Yet if people’s bad life choices land them in prison, there’s also Criminon, which addresses not only drug problems that led to incarceration, but restores to offenders the key to living a life free of criminality—their self-respect.
117 million books
To that end is The Way to Happiness—the secular, common sense guide to better living authored by Mr. Hubbard that lays out 21 precepts in easy-to-comprehend language. Its constructive principles and worthwhile values spread as a calming influence across the world: by the end of 2016, more than 117 million books are in circulation, in 114 languages. Coupled with a complete book-on-film, 21 public service messages and educator tools, just one documented result in the wake of education is a decline in violence and crime rates.

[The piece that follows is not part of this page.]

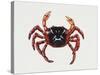 Christmas Island Red Crab (Gecarcoidea Natalis), Gecarcinidae, Artwork by Rebecca Hardy-null-Stretched Canvas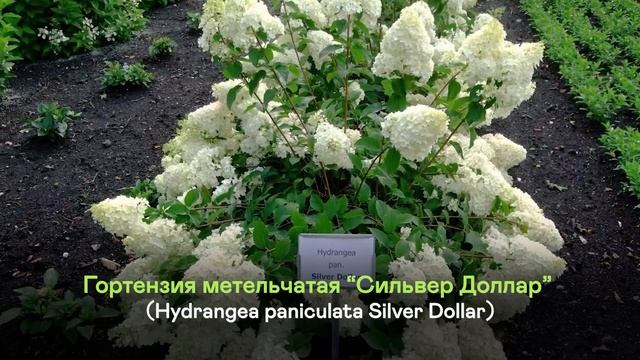 ГОРТЕНЗИИ — бомба! 15 лучших сортов для ЛЮБОГО участка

Of course, as Mr. Hubbard recognized, the key to avoiding drugs and crime—and to succeeding at nearly every aspect of life—is to become educated. Applied Scholastics, a non-denominational organization that consists of more than 1,000 groups in 72 countries, dramatically improves students’ chances to become educated, productive adults by utilizing Mr. Hubbard’s Study Technology, which teaches people how to learn so they can become proficient in any walk of life.
Beyond these answers is the program that embodies the Church’s religious social mission, the Scientology Volunteer Ministers (VMs). The motto of the VMs is, simply, “Something can be done about it.” The program comprises an array of tools to that end—from how to better communication, handle conflicts and overcome study problems, to how to improve organization and spiritually relieve illness and injury. Mr. Hubbard created the VM program as a vanguard in interfaith efforts to offer a hand to those in need, regardless of circumstances, location, race, creed or ethnicity.
When natural or man-made disasters demolish people’s best-laid plans, Volunteer Ministers provide assistance and help them to rebuild their lives. The program has grown into one of the largest independent international relief forces in the world. The Scientology Disaster Response Team now collaborates with more than 1,000 organizations and has served at every major disaster this century.
As productive as 2016 has been, the outreach and good works of the Church’s global humanitarian force will certainly continue to grow next year and every year thereafter.